Kannst du deine Band kurz vorstellen?
Wir sind Lester, eine vierköpfige soweit Standardbesetzung aus München. Wir haben uns 2015 zusammengetan, davor gab’s die Band in einer anderen Besetzung und zwar mit Jasper, Phillip und mir zu dritt und 2015 kam eben Schindl am Schlagzeug dazu – und seitdem spielen wir zusammen. Wobei, was vielleicht ganz wichtig ist, von Gründung bis letztes Jahr hat uns noch die Paloma begleitet. Das war die gute Seele der Band, die nicht auf der Bühne stand, aber das ganze Design und Merch gemacht hat.
Euer neues Album heißt ja „Die Beste aller Zeiten“ – was war denn für dich persönlich die beste Zeit?

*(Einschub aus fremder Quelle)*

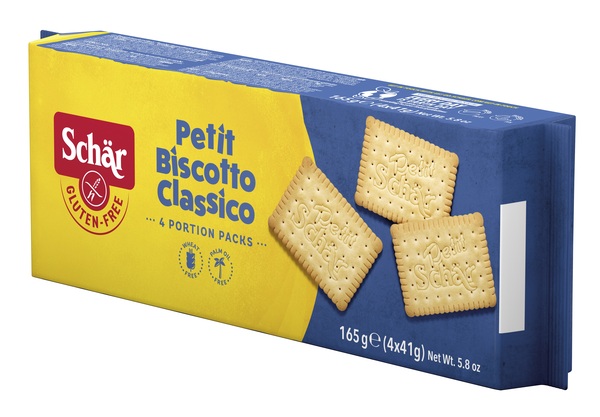 SCHAR BISCOTTI PETIT CLASSICO 165 G - Farmacia-flash.it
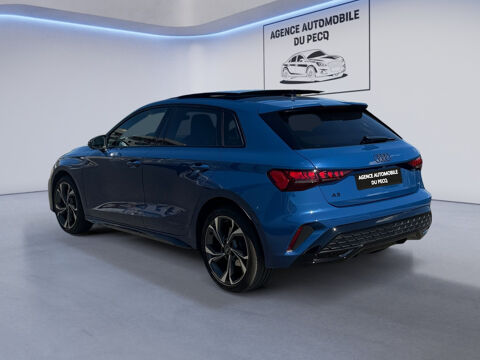 A3 Sportback 35 TDI 150 S tronic 7 S Line 2025 occasion 78230 Le Pecq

Ehrlich gesagt, wir haben lang mit dem Titel 'rumüberlegt und fanden das dann eben lustig ... oder irgendwie interessant, weil es ja erstmal wie eine Tim Bendzko-Platte klingt. Wir wollten damit auch bewusst Reibung erzeugen, weil es ja gerade, als wir uns für den Titel entschieden haben, voll mit Corona losging und wir dachten, dass die beste aller Zeiten so undefiniert ist. Es sagt jedem was und es schwebt so eine gewisse Melancholie mit – und ob die Beste aller Zeiten schon war oder hoffentlich bevorsteht, das wird einem glücklicherweise niemand sagen können.
Auf die Band runtergebrochen ist es tatsächlich so, dass wir das ja maßgeblich aus Leidenschaft und Freude an der Sache machen. Deswegen ist es schon so, jetzt mal kitschig gesagt, wenn wir von der Arbeit kommen und Songs schreiben und uns im Proberaum Power-Chords um die Ohren hauen, dann haben wir alle eine riesen Freude dabei. Deswegen fanden wir das sehr stimmig. Das ist ja eine Zeile aus einem Song, aus "Fickersticker", wo es maßgeblich um den Abschied von Paloma aus der Band geht. Da hat der Jasper, der bei uns die Texte schreibt, gesagt, dass dieses Bandgefühl die beste aller Zeiten ist.
Du hast es gerade selbst angesprochen, in "Fickersticker" geht es um den Abschied von Paloma – thematisiert ihr das auch im Musikvideo?
Ja, in der Tat. Der Name kommt von einem Sticker, den Paloma vor zwei Jahren designed hat. Das ist so eine Eistüte, die zwei Mittelfinger hat und in dem Video malen wir den Sticker auf eine 4x3 große Leinwand. Das soll eine Erinnerung an die gute Zeit mit ihr sein.
Das war auch kein Rauswurf und wir sind eigentlich bis auf das Abschlussgespräch im Guten auseinander gegangen, aber Band-Trennungen sind am Ende tatsächlich oft wie Liebesbeziehungen ... dass man eigentlich mit dem besten Wissen und Gewissen auseinander geht, aber wenn es dann wirklich auseinander geht, dann ist es doch sehr emotional.
Durch Corona ist natürlich jetzt alles ein bisschen schwieriger. Ihr hattet ja eigentlich für November einige Tourdaten geplant, die ihr jetzt auch wieder abgesagt habt. Habt ihr einen Plan B?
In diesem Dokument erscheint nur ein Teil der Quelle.